Posted by bidrec | Report as abusive

Why the NYT will lose to HuffPo

Felix Salmon
Feb 8, 2011 15:42 UTC

Tom McGeveran asks an important question, in his analysis of the AOL-HuffPo deal:

What is it about the environment of traditional journalism that makes it so that readers are more likely to interact with the Huffington Post reblog of a New York Times article than they are with the article itself?

The answer to this question, I think, is also a key part of the reason why the NYT paywall is a bad idea.

It’s worth using a specific example here, so let’s take Dave Pell’s suggestion and look at the NYT’s Olbermann scoop last night, and HuffPo’s reblog of it. When Pell first tweeted the comparison, the NYT blog had no comments, while the HuffPo blog had “hundreds of comments/likes.” Now, the NYT post is up to 93 comments, but the HuffPo post is still miles ahead: 2,088 comments, 1,392 likes on Facebook, 340 Facebook shares, 89 tweets, and 52 emails. All of which figures are easily visible in a colorful box at the top of the story.

The NYT, by contrast, keeps such numbers to itself: you can see the number of posted comments, but you can’t see the number of comments which have been submitted and have yet to make it through moderation. (Which is why Pell saw zero comments when he tweeted last night.)

Both the NYT and HufPo stories are blog posts, but there the similarities end. It’s worth just looking at the two, side by side:

comparison2.jpg

McGeveran says the NYT doesn’t look more like HuffPo because “their very existence is justified by their obligation to readers to vouch for the content they produce,” including widgets from Twitter and Facebook and the like, if the content from those widgets appears on the NYT website. And I daresay that the NYT sells that Killington ad at a much higher rate, per thousand pageviews, than HuffPo is getting for its ProFlowers and Lufthansa ads and its Bing tie-in. But the HuffPo page is clearly generating lots of pageviews, and has more ads on the page. (The second ad unit on the NYT page is a house ad for its own iPad app; HuffPo also has a house ad, for its Blackberry app, but runs it separately in a blue bar along the top of the page.) And of course HuffPo doesn’t need to pay for the expensive original reporting of Bill Carter and Brian Stelter.

Still, the difference between the two pages is much starker than it needs to be: the NYT page is like walking into a library, while the HuffPo page is like walking through Times Square. The HuffPo page is full of links to interesting stories elsewhere on the site — about Egypt, or the kid in the Superbowl Darth Vader ad, or the stories my Facebook friends are reading. And there are lot of links to media stories, too; each one has a photo attached.

The NYT page, by contrast, feels like it’s at a site-map dead end. It’s part of the Media Decoder blog, and almost every NYT story linked to on the page is also part of that blog. There are almost no photos; there is almost no color.
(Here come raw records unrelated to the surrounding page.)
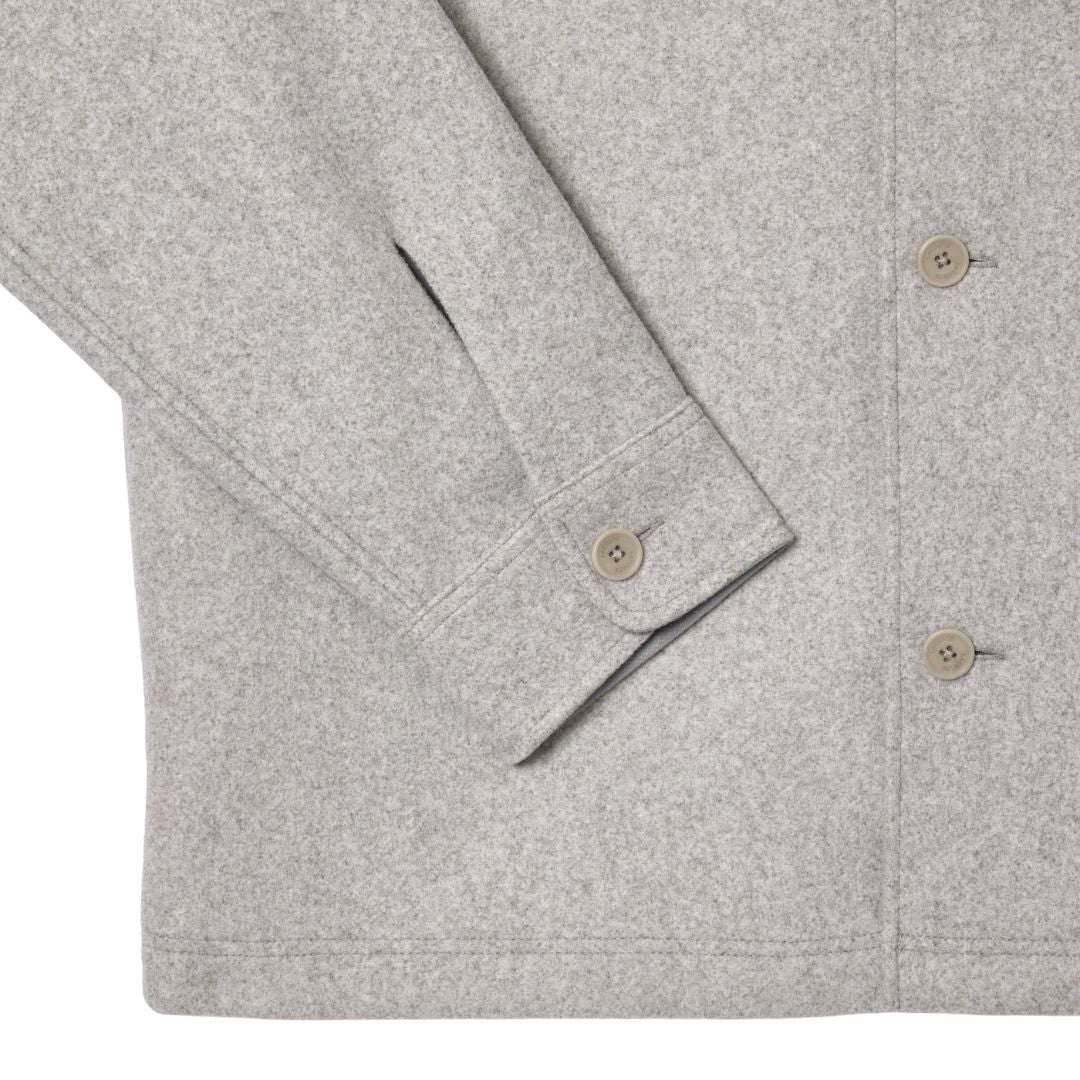 Lacoste Oversized Flannel Overshirt Men CH7210-GRY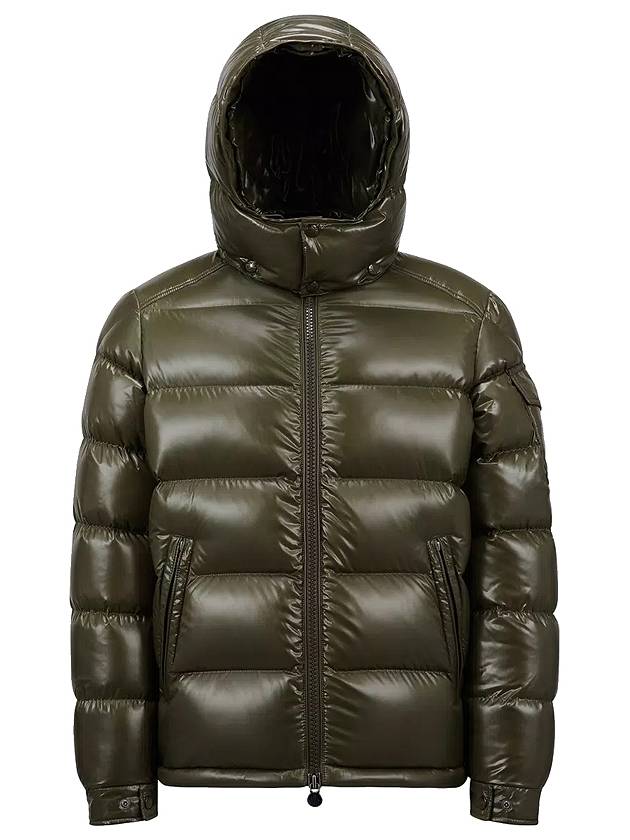 Men's Maya Short Down Padding Olive Green - MONCLER - BALAAN 6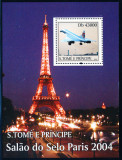 SAO TOME 2004 AVIATIE EXPOZITIA DIN PARIS, Nestampilat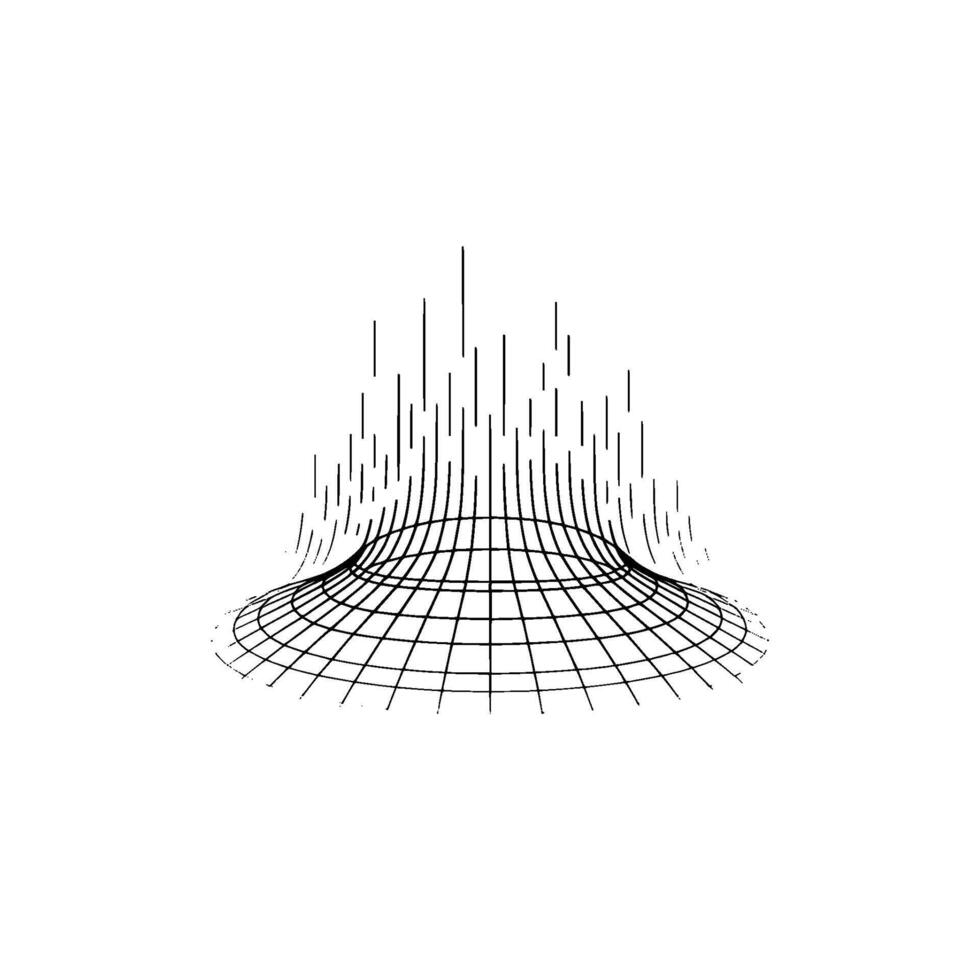 Abstract Data Flow Line Art Network, Minimalist Concept. vector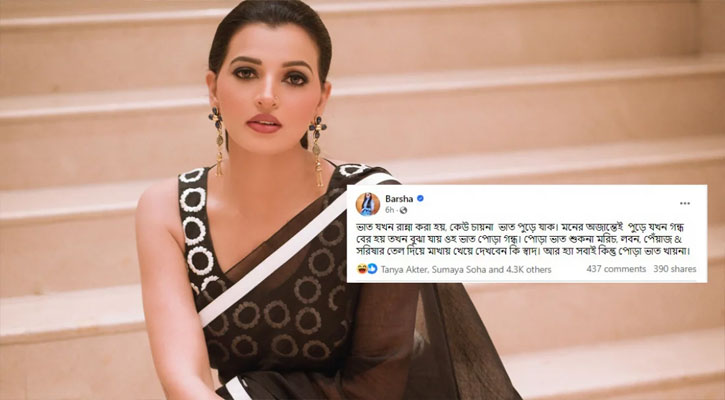 ‘সবাই পোড়া ভাত খায়না’, কাকে খোঁচা দিলেন বর্ষা?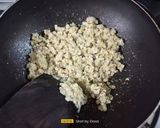 A picture of step 4 of Thandai Modak.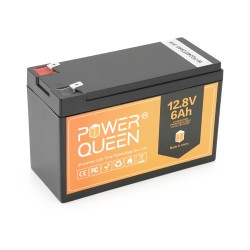 Power Queen 12.8V 6�� 76Wh,BMS 6A F2, 151*65*94mm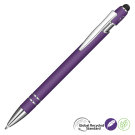 Astra-I Soft Feel GRS Recycled Metal Ballpoint Pen - Dark Purple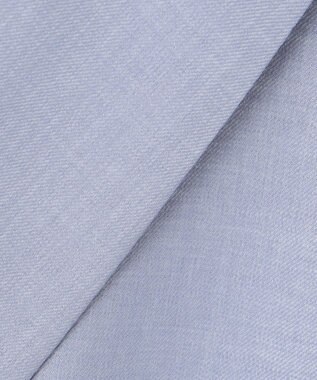 自由区 【洗える】ハーフスリーブ ジャケット サックス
Most importantly, the HuffPo page is genuinely, compellingly, interactive — it’s almost impossible to visit it without finding something you want to click on. Like! Comment! Tweet! Go here! Try this! Visit that! There’s site navigation, yes, but that’s just one layer of a very rich and complex page architecture. At the NYT page, by contrast, to get out of the Media Decoder blog you either have to click on a generic navigation button like “Sports,” or else you’ll just leave the page and the site completely.

At this point, it’s worth remembering that the NYT paywall is really, at heart, a navigation fee. The side door is always open: if you get to the NYT website from, say, the HuffPo story, then you’ll be able to read that story no matter how many other stories you’ve read that month. The NYT has said that 80% of its visitors don’t read enough pages per month that they’d have any need to subscribe at all. But it’s pretty obvious why that is: the NYT is making precious little effort to encourage people to want to click around the site and view more pages.

The fact is that readers come to the NYT — or any website — because they want to read its stories. They don’t much care about branded sections, or deciphering the difference between a news story and a blog entry. (The Olbermann story is a blog post, for reasons which even I don’t fully understand.) But the NYT site architecture seems built around the peculiar way that the news is produced inside 620 8th Avenue, rather than around showing the NYT’s readers the exact stories they’re most likely to want to read.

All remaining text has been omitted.